写真は土砂が押し寄せた阿蘇自動車学校。
「12日以降、作業員は最前線で徹夜の復旧活動を進めている。使命感を持ち、地域のために活動するがゆえに、判断力が鈍ることもある。家族の心労も推し量ることが難しい。2次災害だけは避けなければならない」と内田知行災害対策本部長(肥後建設社代表取締役)は中止命令の理由を説明する。
九州北部豪雨は、22年前(1990年)の雨量をはるかに超え、広範囲にわたる甚大な被害をもたらした。濁流と化した川は民家を飲み込もうと土地を削り、阿蘇山の火山灰を含む大量の泥土が阿蘇市の中心を通る国道57号線に流れ込み、敷地内の施設を襲う寸前で止まっていた。流木も散在し、穏やかな日常生活が奪われた。

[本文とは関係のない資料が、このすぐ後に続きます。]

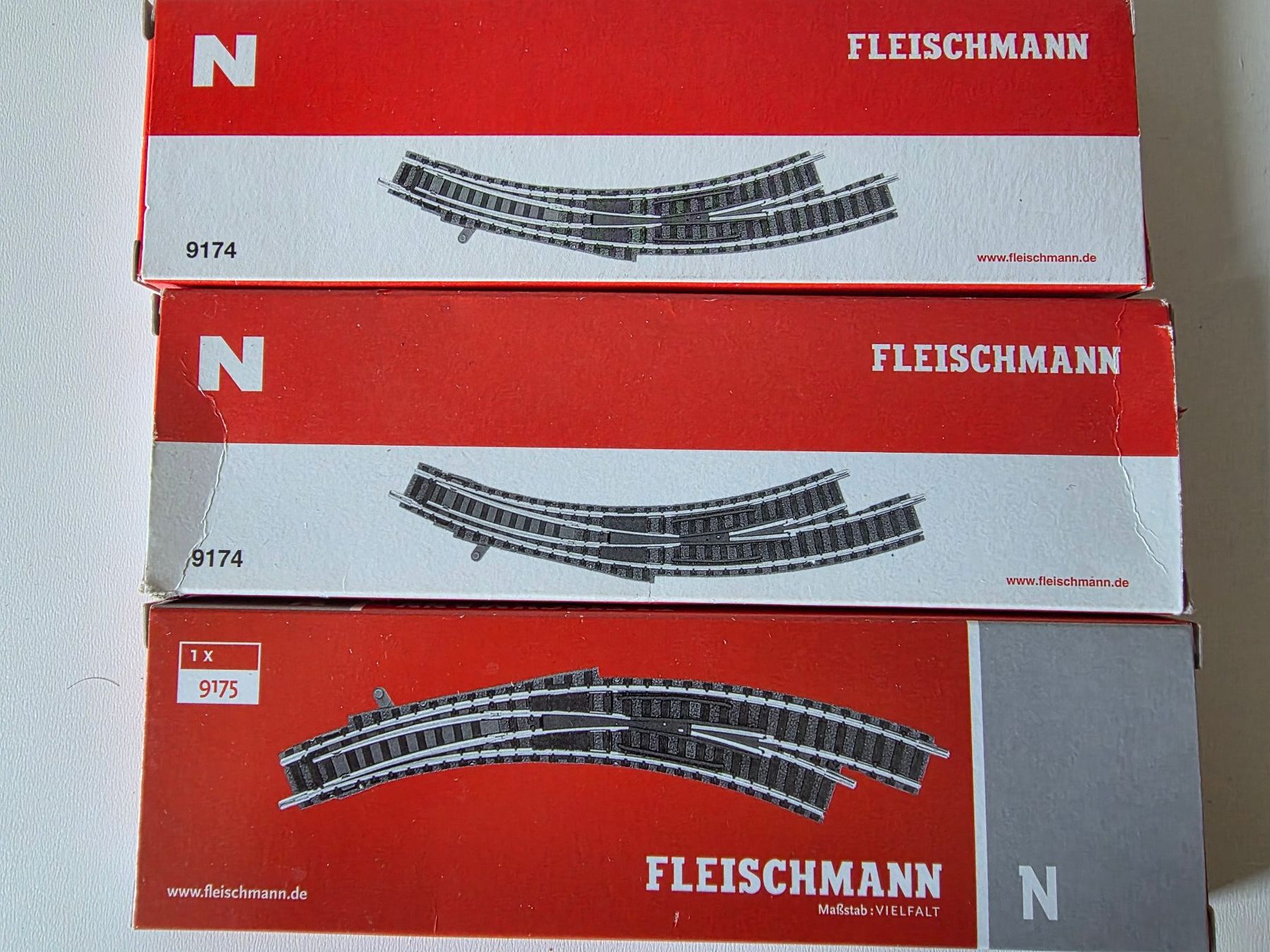 Fleischmann Modellini di ferrovie: 3 Stück Bogenweichen R1/R2 – Usato da Seuzach venduto da Loeckeli01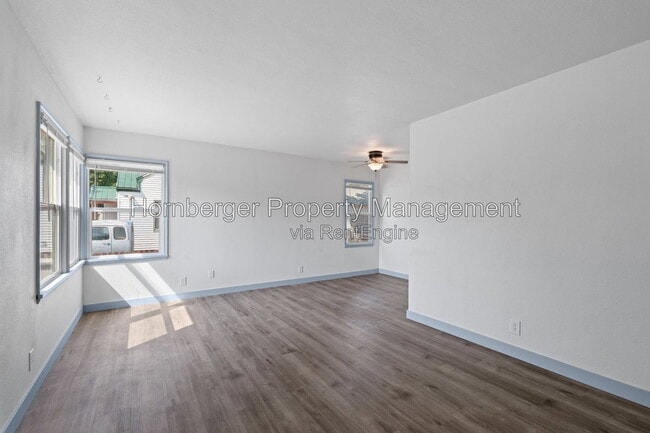 Building Photo - 10106 N Wesley St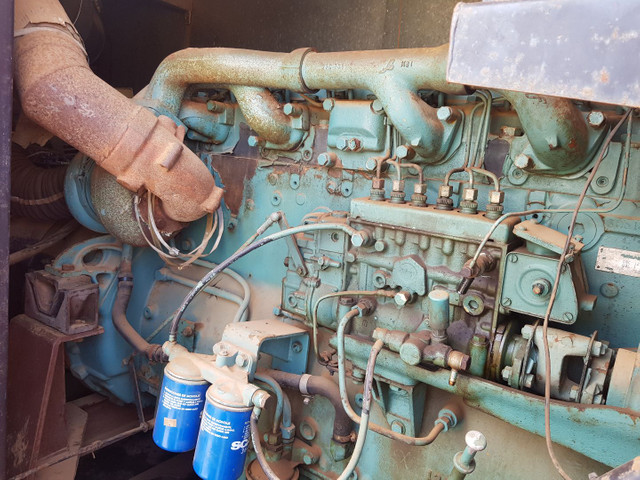 Gerador 240 Kva
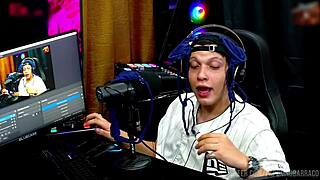 I, Bi Mejia, put my tits out and asked Ruan to squeeze them good, I got all wet and moaning horny - pupum in the barraco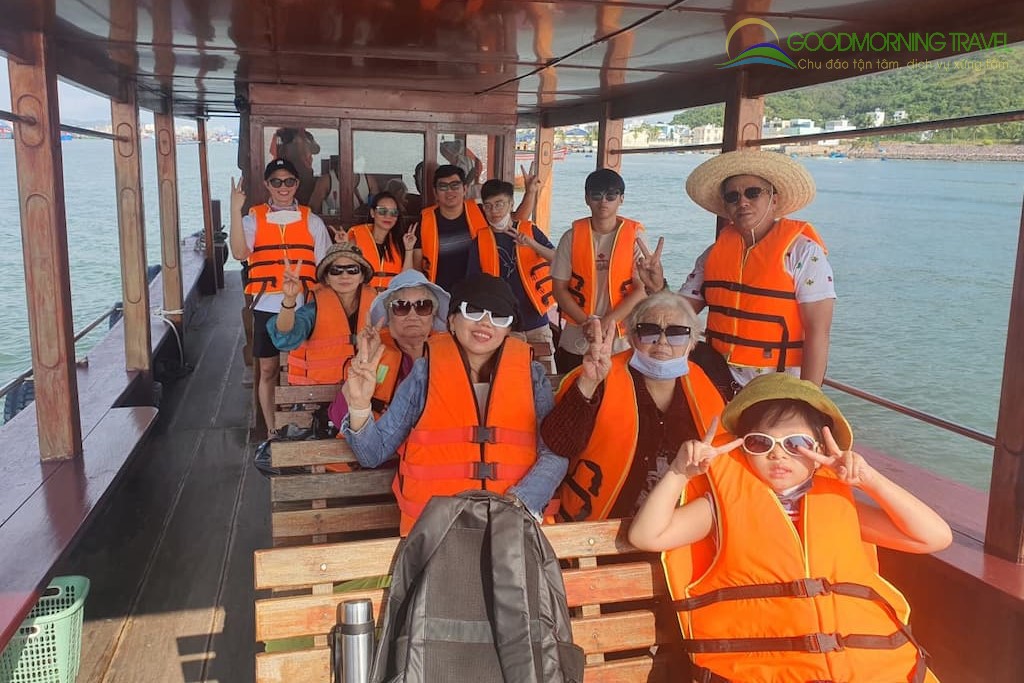 tắm biển trong tour 4 đảo Nha Trang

内田本部長は、「治山工事や砂防工事を進めてきた場所では22年前ほどの被害はなかったと思う。ただ、工事が進まなかった多くの個所で、人命も失われる甚大な被害をもたらしてしまった」と苦渋に満ちた表情を浮かべる。崩壊したインフラを目前に進める人命救助は、地域の安全・安心のためにインフラ整備を進めてきた地域建設企業にとって、これ以上ない苦しみの中での戦いだった。
市内の多くに流れ出た泥土を見ながら内田本部長は、「対策さえ実施すれば終わりではない。日々のインフラ管理がそれ以上に重要だと感じた」という。
熊本建設業協会阿蘇支部の災害対策本部 |
災害が発生すれば、自衛隊、警察、消防よりも早く最前線に立つのが建設企業だ。自治体も建設企業に頼っている。
それにもかかわらず、地域建設業を取り巻く環境は厳しい。公共事業が大幅に削減され、多くの企業が資機材、人員を削減してきた。公共工事の入札も厳しい価格競争を強いられ、赤字覚悟の受注が続いている。若年入職者もわずかで、いわば衰退産業の一つと数えられてもおかしくない状況にある。大規模災害など、いざという時に人も機材もないという状況で本当に良いのか、考えるべき時にある。
「中山間地域では建設業が基幹産業となっている。作業員を雇用し、地域内で資材を調達するなど、経済を循環させている。われわれは何も裕福な生活を送りたいわけではない。高齢者が一人で安心して生活できるような社会基盤整備を通じて、豊かな生活を送りたいだけだ」と内田本部長は吐露する。
一方、要望ばかりではない。「われわれも反省する面は多い。工事一つひとつを丁寧に地域住民に説明し、理解を得ていく必要がある。仕事を通じて地域とつながっていくためにも、会員各社の意識改革が求められる」と前を向く。